Mais peut-on dire que ce grand poète, qui était en même temps comédien, ait corrigé les mœurs de son temps ? L’histoire répond : non ; et si Louis XIV réforma sa vue, et sa tlour, l’on sait bien que le mérite en revient à Bourdaloue et à madame de Maintenon.

Molière moraliste ! Mais il était plutôt corrupteur. Au lieu de châtier les mœurs de la Cour, et de les livrer au mépris des honnêtes gens, il flattait le roi adultère et ses coupables maîtresses. La Princesse d’Elide, le Festin de Pierre et Amphytrion sont là pour attester qu’il les encourageait, tandis qu’il tournait en ridicule non les coupables, mais les innocents, et les victimes.

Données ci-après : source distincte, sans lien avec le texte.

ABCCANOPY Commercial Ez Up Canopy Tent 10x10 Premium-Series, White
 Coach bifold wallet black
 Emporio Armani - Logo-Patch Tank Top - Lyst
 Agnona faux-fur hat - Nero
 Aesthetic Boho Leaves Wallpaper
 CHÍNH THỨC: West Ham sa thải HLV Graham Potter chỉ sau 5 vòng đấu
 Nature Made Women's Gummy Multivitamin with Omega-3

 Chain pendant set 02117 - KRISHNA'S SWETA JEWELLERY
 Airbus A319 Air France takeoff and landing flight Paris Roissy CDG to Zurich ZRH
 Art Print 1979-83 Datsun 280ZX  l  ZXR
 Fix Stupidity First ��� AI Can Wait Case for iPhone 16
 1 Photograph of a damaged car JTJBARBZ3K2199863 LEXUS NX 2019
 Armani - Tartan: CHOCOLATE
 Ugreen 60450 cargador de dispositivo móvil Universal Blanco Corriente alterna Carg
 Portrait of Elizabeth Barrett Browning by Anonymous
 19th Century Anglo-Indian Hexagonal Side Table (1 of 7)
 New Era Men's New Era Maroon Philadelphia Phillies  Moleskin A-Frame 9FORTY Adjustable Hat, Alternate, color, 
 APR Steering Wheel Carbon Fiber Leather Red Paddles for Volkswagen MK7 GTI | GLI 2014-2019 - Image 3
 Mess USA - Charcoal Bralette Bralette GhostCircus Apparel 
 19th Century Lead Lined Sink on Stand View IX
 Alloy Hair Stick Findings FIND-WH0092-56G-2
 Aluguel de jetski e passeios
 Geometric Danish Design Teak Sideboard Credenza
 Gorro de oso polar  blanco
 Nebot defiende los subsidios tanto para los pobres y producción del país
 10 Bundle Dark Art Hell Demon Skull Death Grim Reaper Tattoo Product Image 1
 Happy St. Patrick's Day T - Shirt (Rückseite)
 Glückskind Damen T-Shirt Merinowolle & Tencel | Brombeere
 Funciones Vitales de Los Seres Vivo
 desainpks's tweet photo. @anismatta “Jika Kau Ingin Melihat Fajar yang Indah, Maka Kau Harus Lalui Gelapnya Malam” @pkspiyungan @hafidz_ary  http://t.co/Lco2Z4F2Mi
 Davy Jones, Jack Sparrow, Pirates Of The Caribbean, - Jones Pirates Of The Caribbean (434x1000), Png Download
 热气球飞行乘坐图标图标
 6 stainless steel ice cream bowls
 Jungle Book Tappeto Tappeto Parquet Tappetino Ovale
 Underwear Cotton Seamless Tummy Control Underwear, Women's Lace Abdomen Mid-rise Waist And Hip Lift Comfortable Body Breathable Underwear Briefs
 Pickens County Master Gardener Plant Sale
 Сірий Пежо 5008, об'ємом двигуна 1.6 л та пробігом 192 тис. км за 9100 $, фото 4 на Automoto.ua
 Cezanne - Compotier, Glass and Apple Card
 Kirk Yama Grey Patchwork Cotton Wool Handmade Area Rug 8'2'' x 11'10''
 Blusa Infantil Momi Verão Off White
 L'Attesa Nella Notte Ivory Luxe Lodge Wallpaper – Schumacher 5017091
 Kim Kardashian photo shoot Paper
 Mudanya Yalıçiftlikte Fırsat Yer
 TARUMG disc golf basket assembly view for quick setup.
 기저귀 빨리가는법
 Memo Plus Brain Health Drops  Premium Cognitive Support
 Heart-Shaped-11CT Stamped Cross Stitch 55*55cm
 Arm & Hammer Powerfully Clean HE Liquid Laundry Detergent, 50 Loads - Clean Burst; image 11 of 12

Le clergé, ayant à sa tête Bossuet, et surtout Bourdaloue, l’illustre jésuite, osa élever la voix contre l’œuvre corruptrice du théâtre. Mais il fut à son tour traîné sur la scène et ridiculisé dans Tartufe. Cette comédie fit un mal immense, et elle en fait encore. Quand je l’ai vu jouer à la Comédie Française, Tartufe portait une longue redingote noire, boutonnée jusqu’au cou et descendant assez bas pour imiter une soutane ; et les applaudissements de l’auditoire soulignaient certains passages qui ne laissaient aucun doute sur sa personnification véritable.